Task item: Reproduce from the records below, with no pictures, exactly the lines between the one containing "Stand Like A" and the one containing "Domestic Safety Industrial", inclusive.

Supplied material:
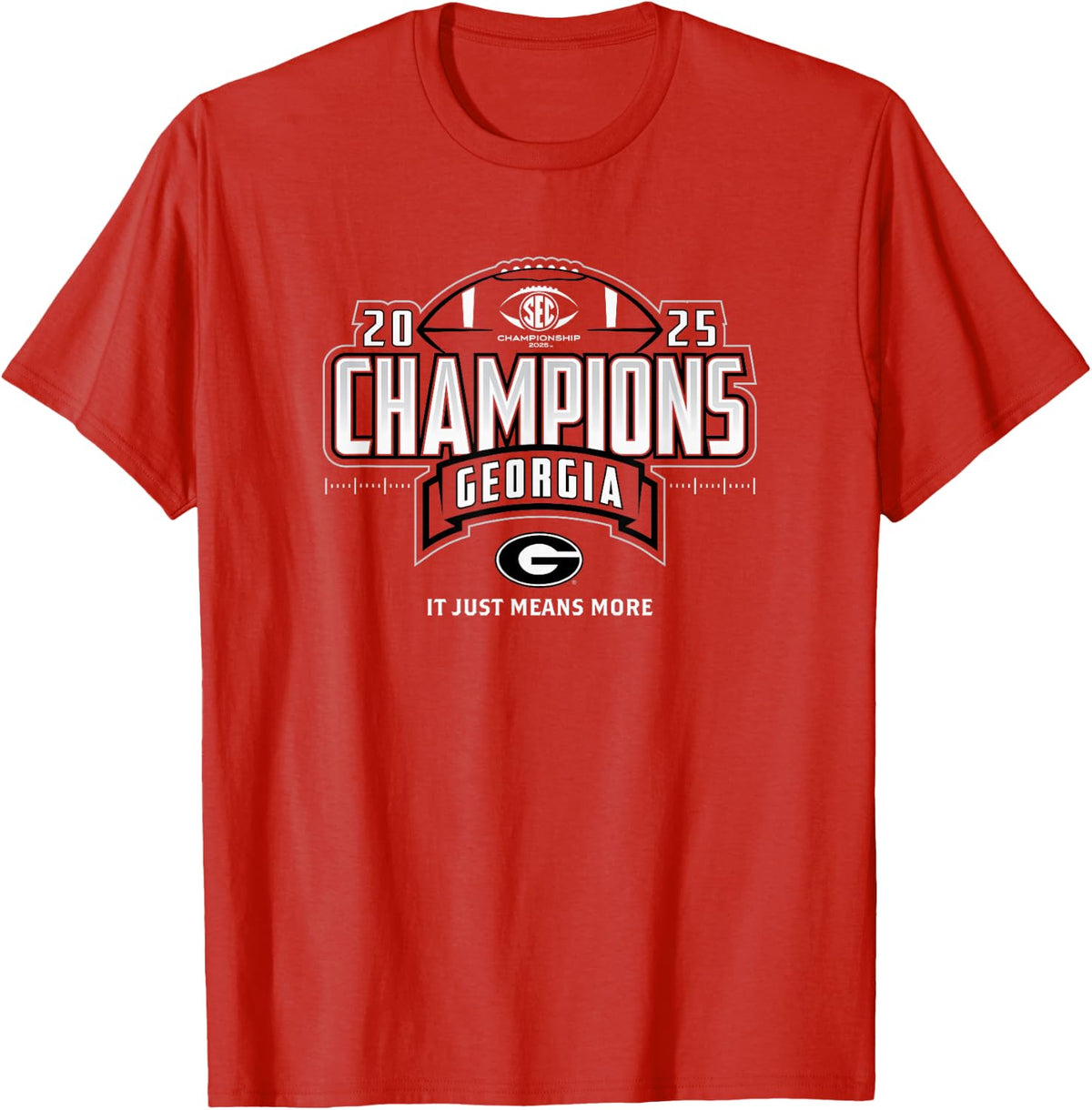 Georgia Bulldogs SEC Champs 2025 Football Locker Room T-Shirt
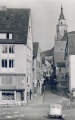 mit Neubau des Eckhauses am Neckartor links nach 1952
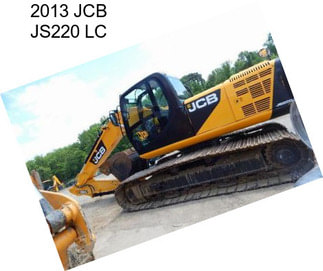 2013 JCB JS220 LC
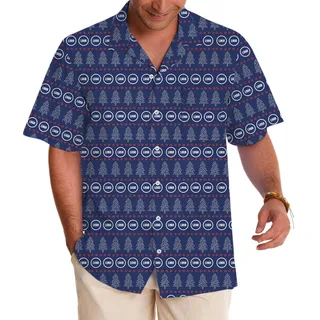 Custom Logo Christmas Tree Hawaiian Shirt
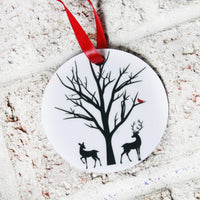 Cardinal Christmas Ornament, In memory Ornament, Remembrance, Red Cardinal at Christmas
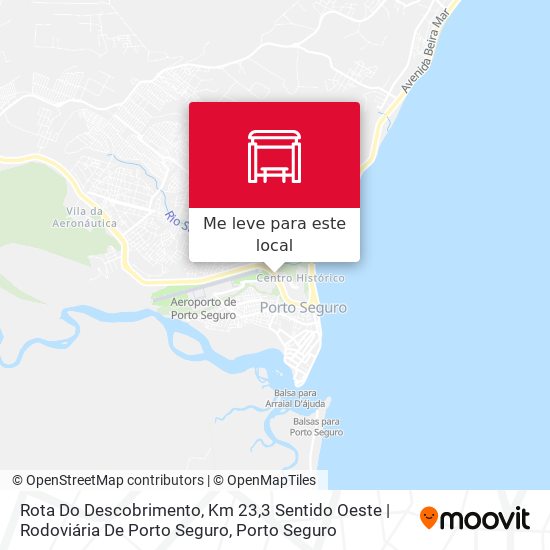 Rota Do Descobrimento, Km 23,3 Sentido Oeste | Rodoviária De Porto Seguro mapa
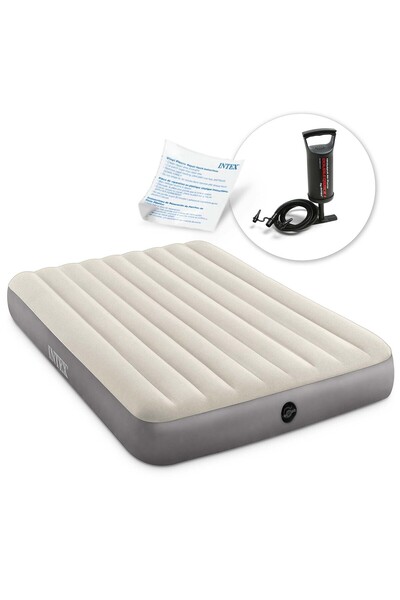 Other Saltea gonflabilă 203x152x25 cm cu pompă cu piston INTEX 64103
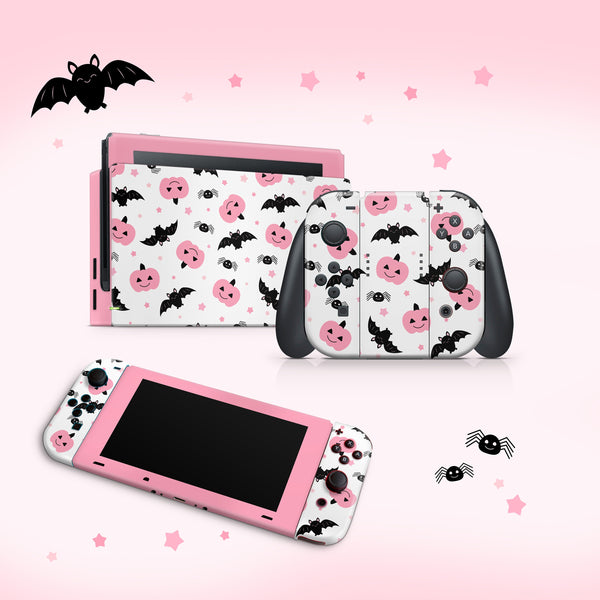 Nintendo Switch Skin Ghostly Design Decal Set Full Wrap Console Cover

==

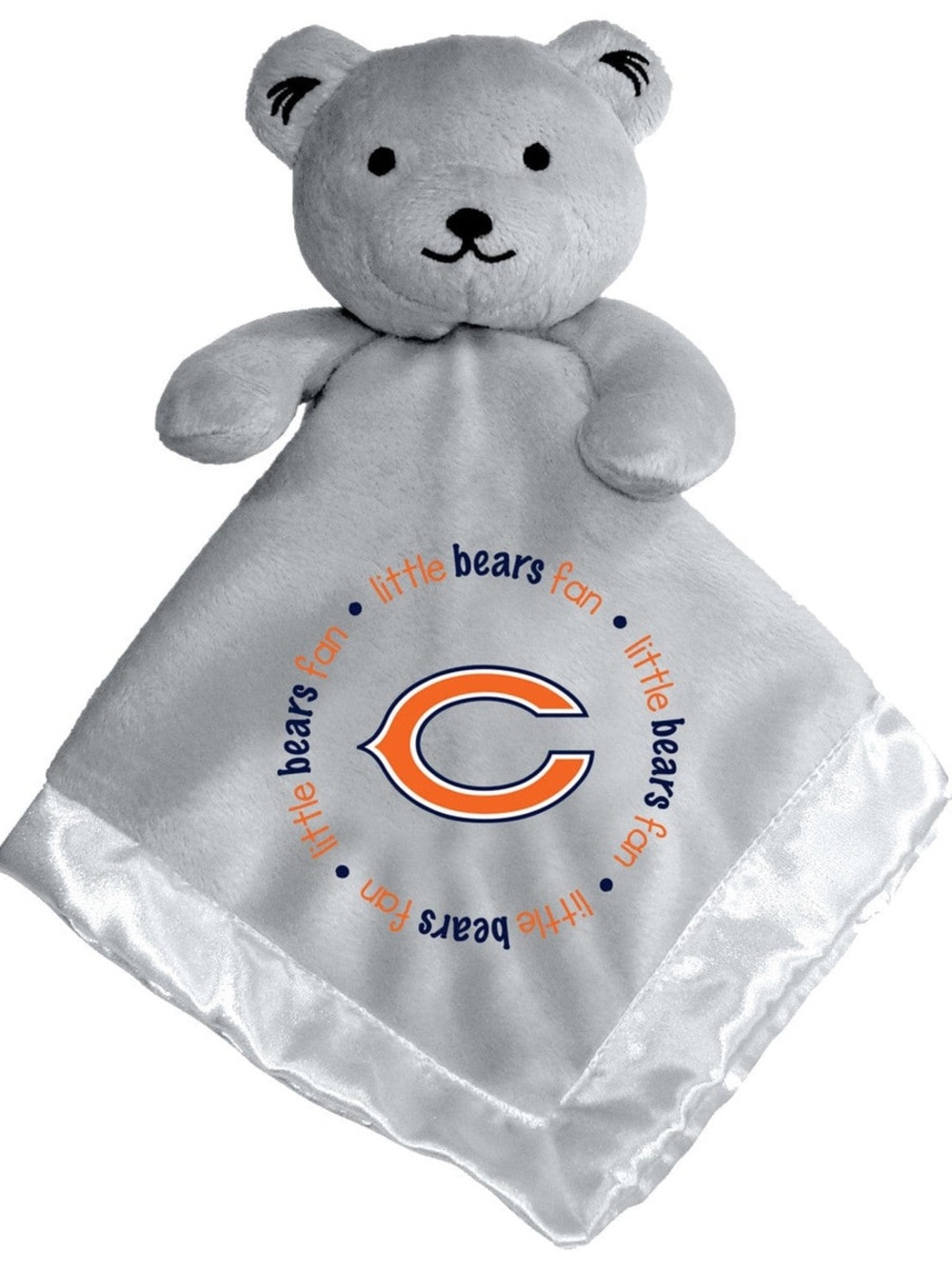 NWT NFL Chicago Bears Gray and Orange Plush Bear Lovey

...

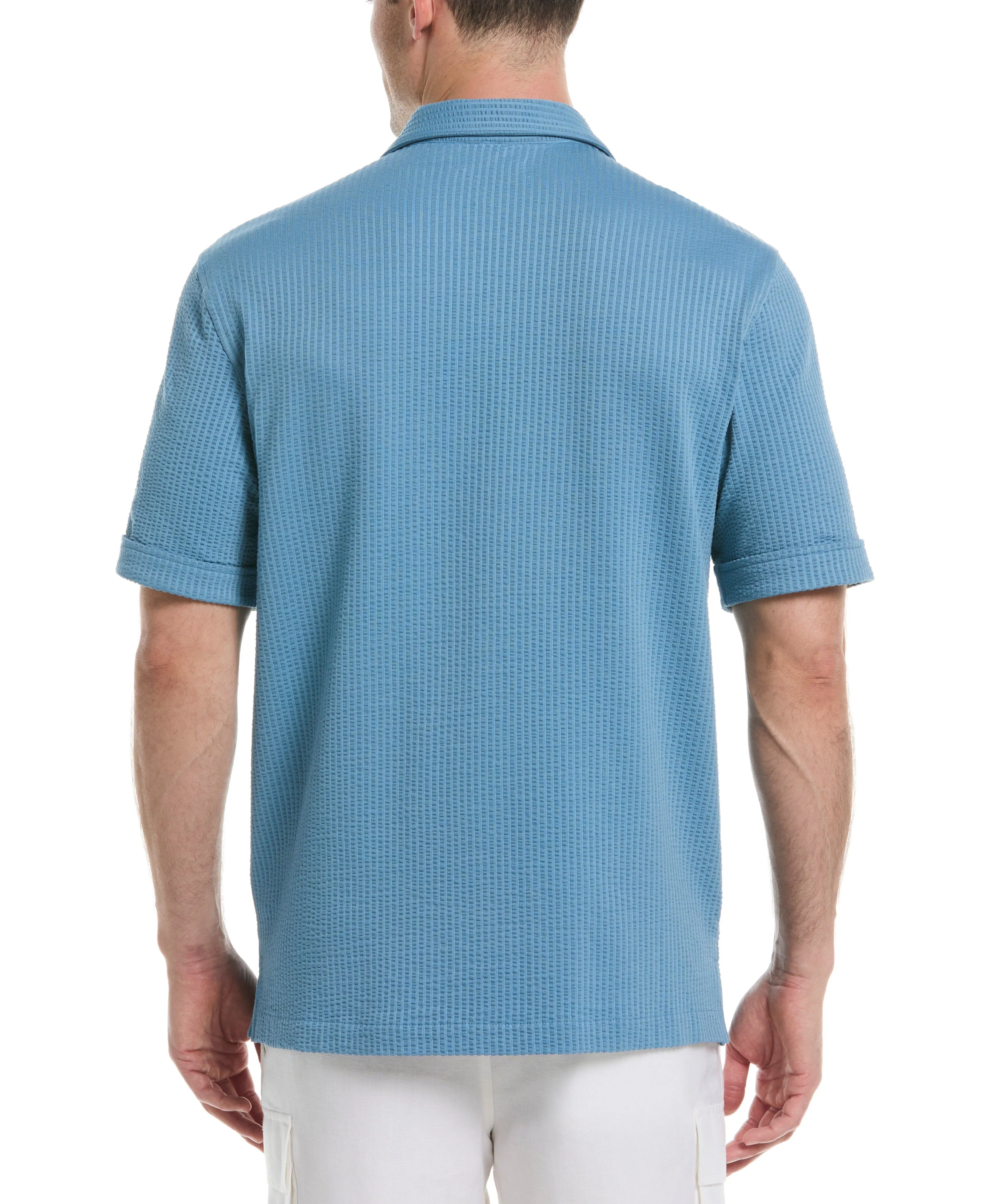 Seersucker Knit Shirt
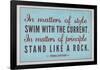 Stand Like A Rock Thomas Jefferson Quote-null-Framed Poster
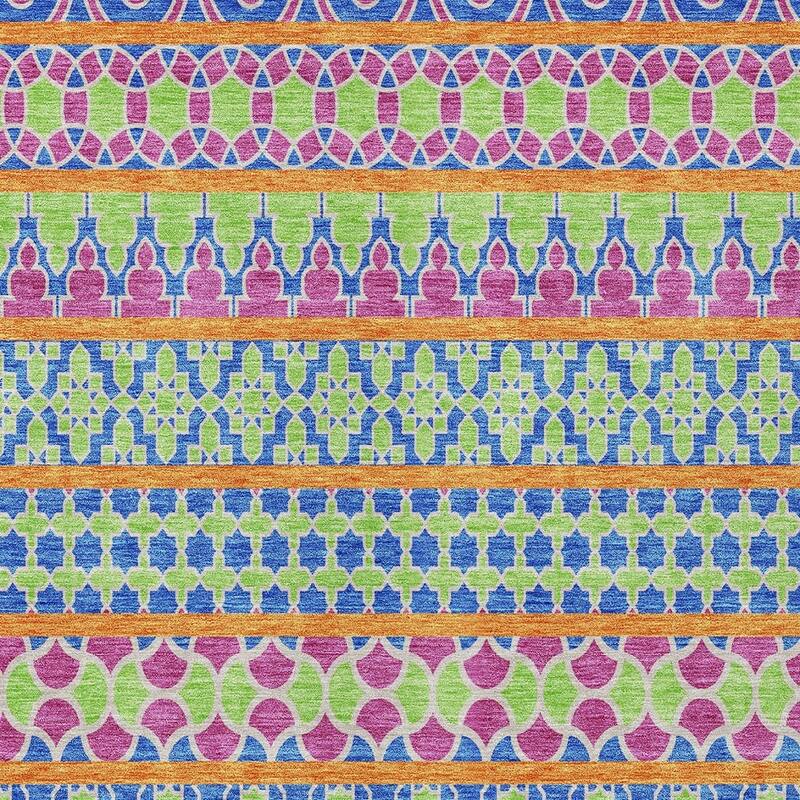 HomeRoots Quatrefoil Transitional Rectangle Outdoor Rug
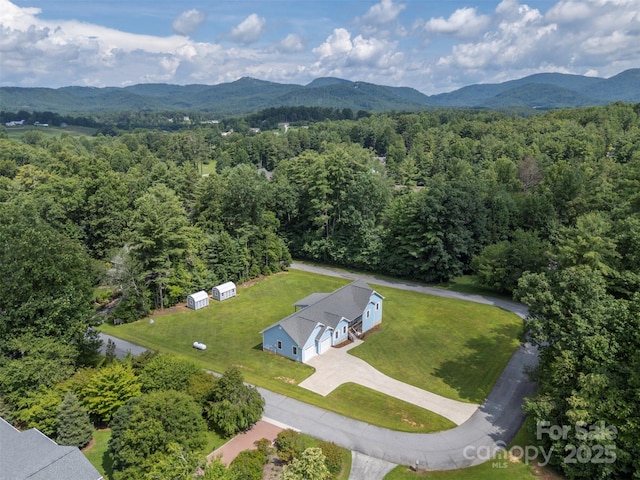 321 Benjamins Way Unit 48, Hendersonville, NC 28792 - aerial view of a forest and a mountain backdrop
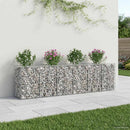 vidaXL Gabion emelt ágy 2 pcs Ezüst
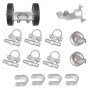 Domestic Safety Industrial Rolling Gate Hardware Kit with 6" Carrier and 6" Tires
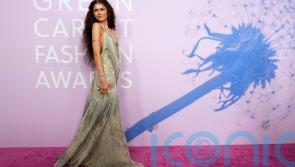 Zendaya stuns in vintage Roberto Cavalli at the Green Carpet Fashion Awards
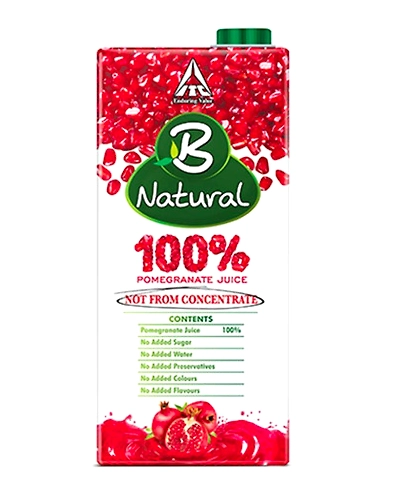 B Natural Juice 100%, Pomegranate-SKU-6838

Written solution:
 Stand Like A Rock Thomas Jefferson Quote-null-Framed Poster
 HomeRoots Quatrefoil Transitional Rectangle Outdoor Rug
 321 Benjamins Way Unit 48, Hendersonville, NC 28792 - aerial view of a forest and a mountain backdrop
 vidaXL Gabion emelt ágy 2 pcs Ezüst
 Domestic Safety Industrial Rolling Gate Hardware Kit with 6" Carrier and 6" Tires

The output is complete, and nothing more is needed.